# [Directions]
List every line in this data where the string "Gold" occurs.

# [Record excerpts]
▬▬▬▬▬▬
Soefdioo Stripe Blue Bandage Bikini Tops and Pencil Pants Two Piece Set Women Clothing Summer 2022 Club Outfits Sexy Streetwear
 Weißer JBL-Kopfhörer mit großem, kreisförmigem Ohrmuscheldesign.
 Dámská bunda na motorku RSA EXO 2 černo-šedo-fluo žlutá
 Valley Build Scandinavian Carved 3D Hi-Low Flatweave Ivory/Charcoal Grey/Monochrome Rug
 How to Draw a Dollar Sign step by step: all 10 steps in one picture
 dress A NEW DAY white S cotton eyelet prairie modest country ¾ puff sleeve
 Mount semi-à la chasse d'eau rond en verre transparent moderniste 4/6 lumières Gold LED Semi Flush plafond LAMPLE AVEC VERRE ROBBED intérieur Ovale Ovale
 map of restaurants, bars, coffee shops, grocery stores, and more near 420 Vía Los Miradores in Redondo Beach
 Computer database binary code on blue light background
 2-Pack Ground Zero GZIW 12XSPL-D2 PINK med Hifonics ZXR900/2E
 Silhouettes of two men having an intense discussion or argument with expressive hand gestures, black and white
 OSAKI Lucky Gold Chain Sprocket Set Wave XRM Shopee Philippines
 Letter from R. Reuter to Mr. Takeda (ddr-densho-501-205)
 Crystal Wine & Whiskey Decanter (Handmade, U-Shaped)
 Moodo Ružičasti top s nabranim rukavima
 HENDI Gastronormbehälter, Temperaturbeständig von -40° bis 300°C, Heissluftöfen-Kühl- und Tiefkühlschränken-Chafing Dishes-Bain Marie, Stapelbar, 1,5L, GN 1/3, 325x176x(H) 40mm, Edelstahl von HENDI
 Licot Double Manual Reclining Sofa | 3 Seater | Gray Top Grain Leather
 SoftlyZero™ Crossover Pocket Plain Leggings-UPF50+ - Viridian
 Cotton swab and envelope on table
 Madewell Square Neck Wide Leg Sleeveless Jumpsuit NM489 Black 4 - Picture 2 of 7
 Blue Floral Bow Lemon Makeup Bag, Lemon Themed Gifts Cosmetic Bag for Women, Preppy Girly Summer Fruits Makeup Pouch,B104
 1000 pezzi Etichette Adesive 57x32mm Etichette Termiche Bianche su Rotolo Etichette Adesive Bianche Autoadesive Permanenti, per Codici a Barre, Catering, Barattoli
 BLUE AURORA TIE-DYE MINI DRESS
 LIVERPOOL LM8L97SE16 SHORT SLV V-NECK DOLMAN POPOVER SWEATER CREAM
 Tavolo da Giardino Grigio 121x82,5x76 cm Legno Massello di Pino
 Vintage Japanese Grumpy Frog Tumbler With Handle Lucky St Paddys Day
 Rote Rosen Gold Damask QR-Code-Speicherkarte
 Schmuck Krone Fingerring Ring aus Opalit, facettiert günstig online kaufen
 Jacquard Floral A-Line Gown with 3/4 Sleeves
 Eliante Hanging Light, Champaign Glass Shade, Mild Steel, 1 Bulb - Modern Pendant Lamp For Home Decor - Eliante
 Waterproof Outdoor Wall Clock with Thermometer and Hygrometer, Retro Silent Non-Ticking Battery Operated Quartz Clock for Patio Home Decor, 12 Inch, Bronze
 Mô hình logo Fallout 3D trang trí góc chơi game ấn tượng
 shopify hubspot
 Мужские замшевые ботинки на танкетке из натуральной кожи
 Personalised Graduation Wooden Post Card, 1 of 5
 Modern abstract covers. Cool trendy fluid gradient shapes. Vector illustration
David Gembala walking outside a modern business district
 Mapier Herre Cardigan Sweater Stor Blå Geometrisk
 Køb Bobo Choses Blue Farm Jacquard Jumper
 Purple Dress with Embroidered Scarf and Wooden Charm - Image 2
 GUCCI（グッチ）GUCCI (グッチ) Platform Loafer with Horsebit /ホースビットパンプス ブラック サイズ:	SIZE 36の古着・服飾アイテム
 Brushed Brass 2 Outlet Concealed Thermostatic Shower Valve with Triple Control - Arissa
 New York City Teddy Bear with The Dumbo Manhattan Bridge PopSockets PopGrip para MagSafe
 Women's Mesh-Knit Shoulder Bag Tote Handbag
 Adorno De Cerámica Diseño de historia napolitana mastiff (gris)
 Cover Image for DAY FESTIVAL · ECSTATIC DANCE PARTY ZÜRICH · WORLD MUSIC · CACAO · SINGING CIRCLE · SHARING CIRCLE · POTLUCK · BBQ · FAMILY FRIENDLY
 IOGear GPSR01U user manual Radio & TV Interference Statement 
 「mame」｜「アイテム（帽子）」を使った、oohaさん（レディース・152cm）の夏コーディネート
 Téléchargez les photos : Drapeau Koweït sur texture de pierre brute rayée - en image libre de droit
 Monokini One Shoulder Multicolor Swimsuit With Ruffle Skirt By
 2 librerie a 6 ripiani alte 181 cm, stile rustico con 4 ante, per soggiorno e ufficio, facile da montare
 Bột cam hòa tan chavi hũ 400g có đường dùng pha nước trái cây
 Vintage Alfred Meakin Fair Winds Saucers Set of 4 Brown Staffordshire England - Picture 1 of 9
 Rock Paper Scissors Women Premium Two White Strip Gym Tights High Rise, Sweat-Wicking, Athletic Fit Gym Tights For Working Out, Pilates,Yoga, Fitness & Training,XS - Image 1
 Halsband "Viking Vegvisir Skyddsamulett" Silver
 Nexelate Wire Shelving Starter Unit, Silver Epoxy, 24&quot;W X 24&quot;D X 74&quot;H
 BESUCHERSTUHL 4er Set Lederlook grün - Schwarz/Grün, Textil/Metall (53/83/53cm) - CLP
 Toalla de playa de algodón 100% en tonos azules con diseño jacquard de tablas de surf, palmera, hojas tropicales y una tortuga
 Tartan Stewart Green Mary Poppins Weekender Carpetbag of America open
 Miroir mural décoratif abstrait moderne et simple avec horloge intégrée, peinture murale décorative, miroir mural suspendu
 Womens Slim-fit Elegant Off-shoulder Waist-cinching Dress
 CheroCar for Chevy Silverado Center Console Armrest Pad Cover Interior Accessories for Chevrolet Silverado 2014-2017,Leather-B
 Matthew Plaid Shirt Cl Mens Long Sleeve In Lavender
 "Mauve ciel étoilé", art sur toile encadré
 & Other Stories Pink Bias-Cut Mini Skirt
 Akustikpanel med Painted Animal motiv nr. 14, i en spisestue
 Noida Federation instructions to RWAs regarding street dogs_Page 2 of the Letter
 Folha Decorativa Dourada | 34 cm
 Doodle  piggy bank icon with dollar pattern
▬▬▬▬▬▬
# [Expected answer]
 Mount semi-à la chasse d'eau rond en verre transparent moderniste 4/6 lumières Gold LED Semi Flush plafond LAMPLE AVEC VERRE ROBBED intérieur Ovale Ovale
 OSAKI Lucky Gold Chain Sprocket Set Wave XRM Shopee Philippines
 Rote Rosen Gold Damask QR-Code-Speicherkarte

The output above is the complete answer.